Supplied records -
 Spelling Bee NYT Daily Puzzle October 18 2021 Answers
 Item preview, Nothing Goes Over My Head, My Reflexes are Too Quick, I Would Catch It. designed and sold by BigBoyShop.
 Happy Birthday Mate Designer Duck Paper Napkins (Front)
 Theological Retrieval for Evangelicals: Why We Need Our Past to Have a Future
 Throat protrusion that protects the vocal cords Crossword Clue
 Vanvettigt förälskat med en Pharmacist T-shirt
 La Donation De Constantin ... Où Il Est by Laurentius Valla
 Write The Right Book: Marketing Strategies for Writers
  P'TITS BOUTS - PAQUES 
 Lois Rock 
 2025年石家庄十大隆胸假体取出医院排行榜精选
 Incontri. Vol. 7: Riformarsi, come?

* * *

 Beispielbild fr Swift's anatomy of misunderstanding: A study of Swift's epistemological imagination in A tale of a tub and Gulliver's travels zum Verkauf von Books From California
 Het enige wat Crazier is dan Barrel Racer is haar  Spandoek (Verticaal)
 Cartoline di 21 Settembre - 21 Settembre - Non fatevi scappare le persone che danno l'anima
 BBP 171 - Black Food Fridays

---

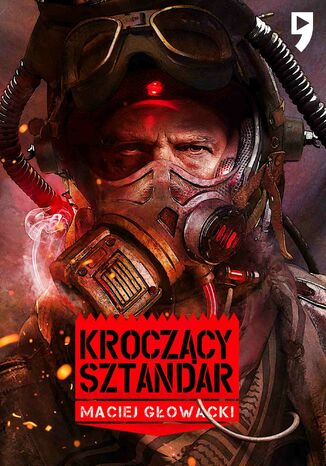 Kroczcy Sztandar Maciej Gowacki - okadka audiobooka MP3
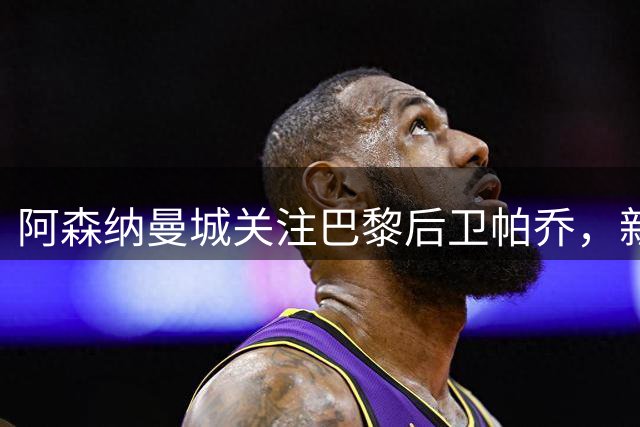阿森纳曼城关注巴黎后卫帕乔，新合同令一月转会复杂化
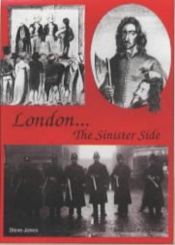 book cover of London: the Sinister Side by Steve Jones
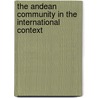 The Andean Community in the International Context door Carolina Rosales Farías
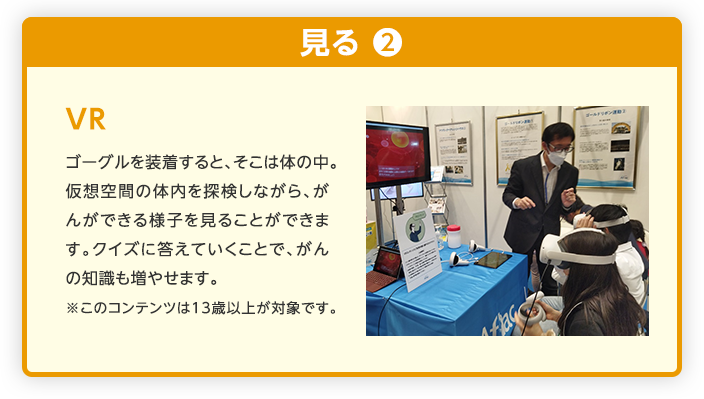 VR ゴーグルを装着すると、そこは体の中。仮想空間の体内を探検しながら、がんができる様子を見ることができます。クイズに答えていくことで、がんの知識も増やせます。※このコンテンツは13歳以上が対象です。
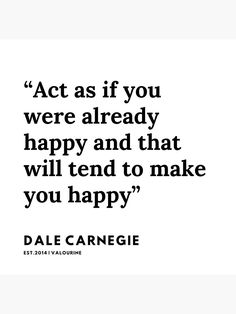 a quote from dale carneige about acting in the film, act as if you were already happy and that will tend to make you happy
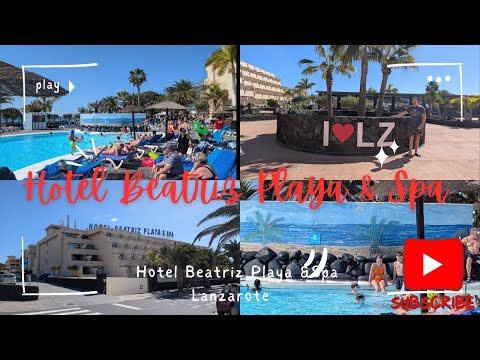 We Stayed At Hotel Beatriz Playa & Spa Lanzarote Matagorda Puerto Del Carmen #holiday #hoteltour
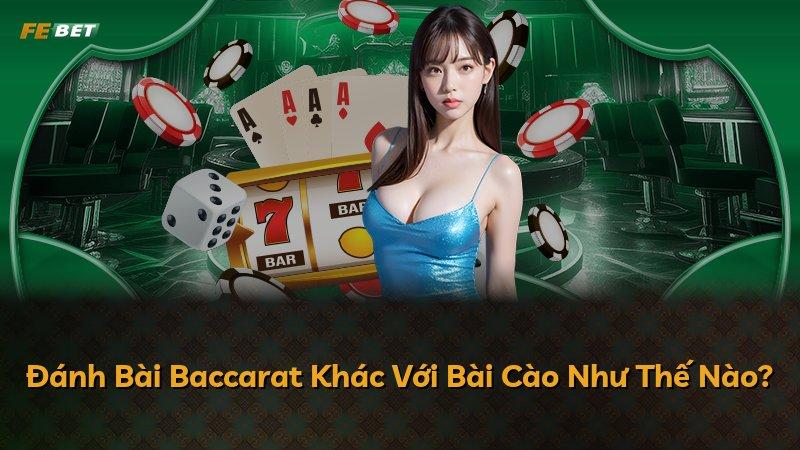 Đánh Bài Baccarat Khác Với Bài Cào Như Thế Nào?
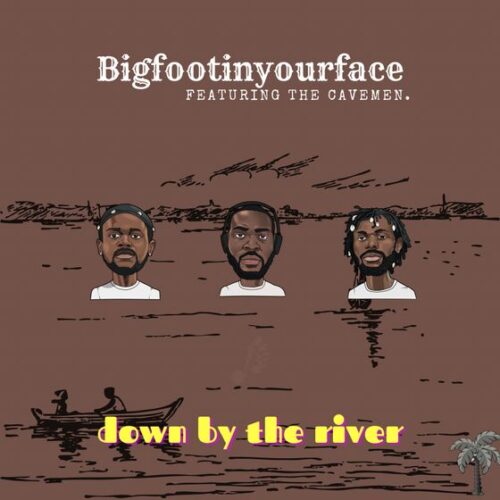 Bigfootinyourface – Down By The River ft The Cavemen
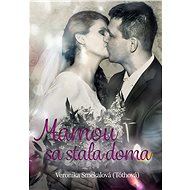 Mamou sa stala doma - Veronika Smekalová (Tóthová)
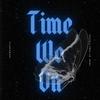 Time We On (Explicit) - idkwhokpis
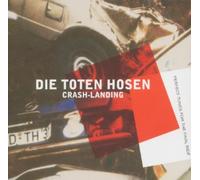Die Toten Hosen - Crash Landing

Problem requirements - In the entries above, find the line containing "Bigfootinyourface – Down" and the line containing "Die Toten Hosen - Crash Landing"; give again exactly those two lines and every line between them, minus the pictures.

Written response -
 Bigfootinyourface – Down By The River ft The Cavemen
 Mamou sa stala doma - Veronika Smekalová (Tóthová)
 Time We On (Explicit) - idkwhokpis
Die Toten Hosen - Crash Landing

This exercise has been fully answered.